Dear Dr. B: My mother-in-law is 60 years old. She is quite healthy. But she is having cramps in her legs. From the toes to the side of her legs, inside and up to her hips. What can she do to relieve this pain?
A concerned daughter-in law sent me this question. It is not an uncommon complaint among women and some men. My own mother has had a similar complaint for many years.
So, I was quite interested in a recent issue of the New England Journal of Medicine (NEJM) which had a clinical practice article called Restless Legs Syndrome (RLS).
The article gives an example of a 45-year-old woman having had nightly insomnia for years. She reports having uncomfortable sensations in her legs when she lies down at night. She describes a feeling of needing to move her legs, which is relieved only by getting up and walking around.
This lady has RLS. It is also known as Ekbom’s syndrome. It is a neurological disorder. About three to 15 per cent of the population is affected. It is more common in women than men. The prevalence increases with age. There may be a family history of the condition.
The following features should be present to make a diagnosis of RLS:
-A distressing need or urge to move the legs, usually accompanied by an uncomfortable, deep-seated sensation in the legs that is brought on by rest (sitting or lying down), relieved with moving or walking, or worse at night or in the evening.
-Features frequently associated with the syndrome are: involuntary limb movements while patient is awake and/or periodic limb movements while patient is asleep.
The diagnosis of RLS is based on the clinical history. RLS may be a symptom of iron deficiency therefore the iron status should be assessed. No other laboratory tests are routinely indicated.
What about our readers mother-in-law?
She may have RLS but we do not know all her symptoms. There are many other conditions which cause leg pains and cramps especially at the end of the day or at night.
Some common causes are: muscle fatigue, strain, injury, or depletion of certain minerals such as potassium, calcium, sodium, and magnesium (particularly when taking diuretics). Trouble with the veins and arteries; arthritis or gout; neuropathy (nerve damage) or Sciatic nerve pain (radiating pain down the leg) caused by a slipped disk in the back. There may be other causes as well. Medications like steroids can induce leg pain.

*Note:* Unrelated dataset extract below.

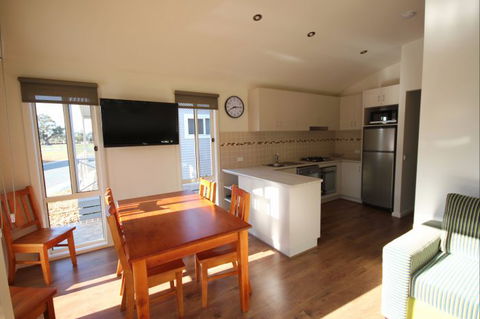 BIG4 Deniliquin Holiday Park - Sydneys Hotel 14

The article says that despite the distinctive clinical features of RLS, there remains substantial variability in responses to treatment and in clinical progression and outcome.
It seems all patients with RLS do not present with classical symptoms. Therefore, my impression is, many patients with leg pain go undiagnosed or inadequately treated.
Is there good treatment for the condition?
For RLS, there are few medications in the market. But the NEJM article says that there is currently inadequate information on the efficacy of medications other than the group of drugs known as dopaminergic drugs. The management of RLS in patients who are pregnant or undergoing dialysis is not clear.
For unexplained leg pain, rest as much as possible. Elevate the leg and take pain medications which you are familiar with. Gentle massage may improve comfort. Heat or cool soaks may help. If pain persists or swelling develops, see your family physician.
For leg pain caused by varicose veins, leg elevation and compression with elastic bandages or support hose can help. Walking is the best way to keep the blood flowing back to the heart from the legs.